All of which brings us back 'round to unity on this Labor Day weekend. We need consensus first around methods of conflict management and then we can seek it about what else we wish to see. This is how Gandhi approached it so long ago and it's still the most adaptive order of things. In the sociology literature, a great deal of credit for the aphoristic dictum, "Organize the organized" goes to the secular side, e.g. Saul Alinsky, but Gandhi certainly showed how to do that in South Africa and then India decades before Alinsky did that in Chicago. He appealed to those from all religions in India and urged them to commit to nonviolence from their own religious perspective. To the extent he succeeded, he liberated his nation. Later, Martin Luther King Jr did the same in the churches in the South and joined with the churches in the rest of the US. Cesar Chavez did that too, stitching together a coalition at one point using Roman Catholic unity to bring in Filipina workers to what had been a purely Hispanic labor movement. Solidarity did that by evoking the Polish pope in the freedom struggle in the 1980s. Corbin Harney, praying in Shoshone and urging all to join him from their own faith orientation, brought together a movement to halt the US military and the Department of Energy from further wrecking our western lands.
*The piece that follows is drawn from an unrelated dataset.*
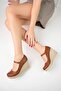 Wedge Sole Ankle Buckle Tan Leather Shoes - 3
This mutually reinforcing dynamic, then, is part of how we move past our problems without creating more of them. It is applicable using the unity in both religion and in labor unions, two of the bodies of organized members of society that should naturally commit to nonviolence in order to advance toward the common good. In a democracy, that can be done with an effective combination of smaller masses brought together into a larger mass.
Consensus organizers work to develop deep, authentic relationships and partnerships among and between community residents and stakeholders, and members of the external power structure to facilitate positive and tangible community change (Ohmer & DeMasi, 2009, p. 1-2).
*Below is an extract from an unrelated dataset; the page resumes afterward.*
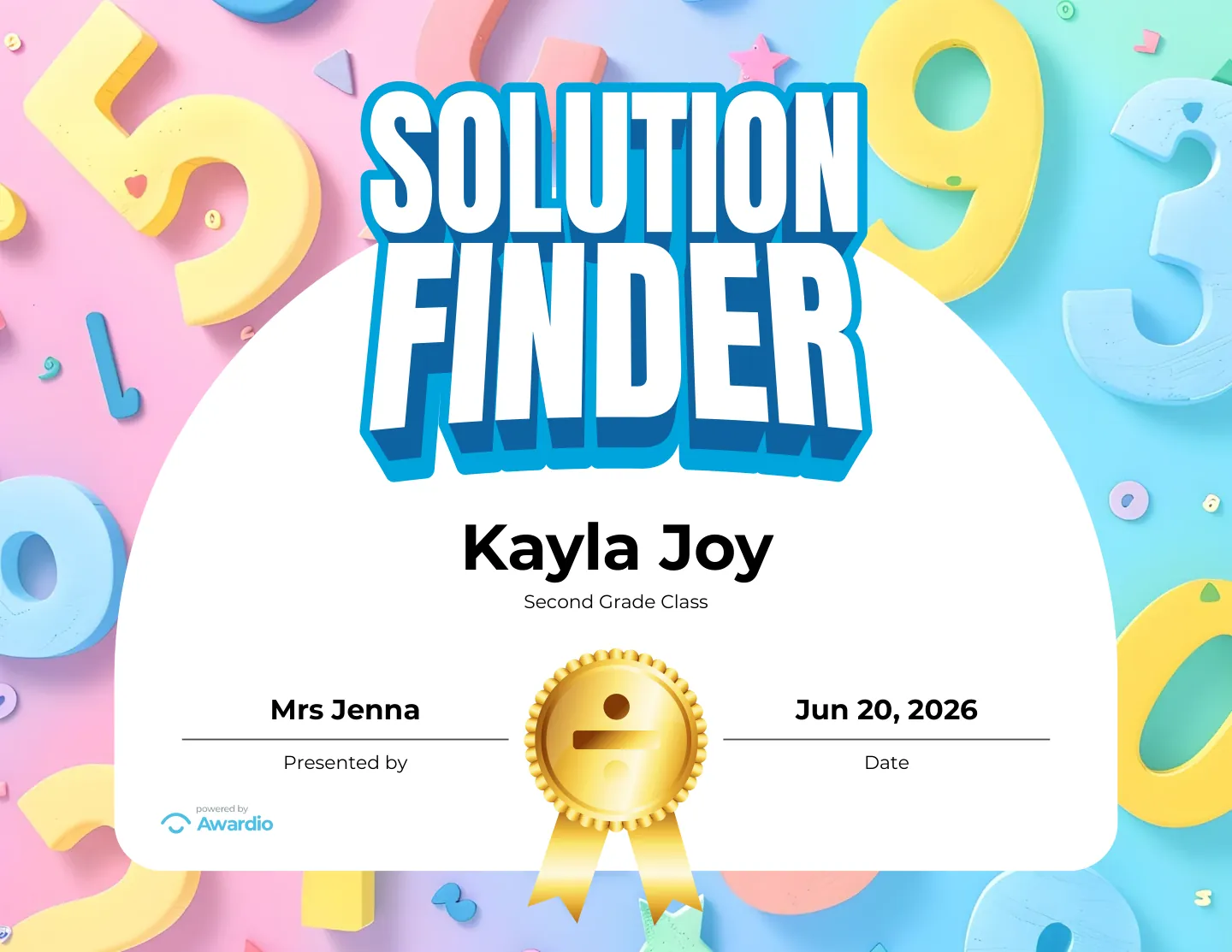 Solution Finder math award certificate for the classroom or to send home to parents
In other words, stop organizing worrying so much initially about trying to influence the ones in power. Build the base first and then when you approach the members of the external power structure they will be all ears, ready to listen and negotiate as equals. This is the confluence of principled nonviolence and strategic liberatory nonviolence. It is as Indian as Rasgulla, as American as apple pie. It's Labor Day weekend and time to partake, to recommit to organizing our faith communities and our workers, grounded in faith-based strategic nonviolence.
References
Ohmer, Mary L. & DeMasi, Karen (2009). Consensus organizing: A community development workbook. Thousand Oaks, CA: Sage Publications.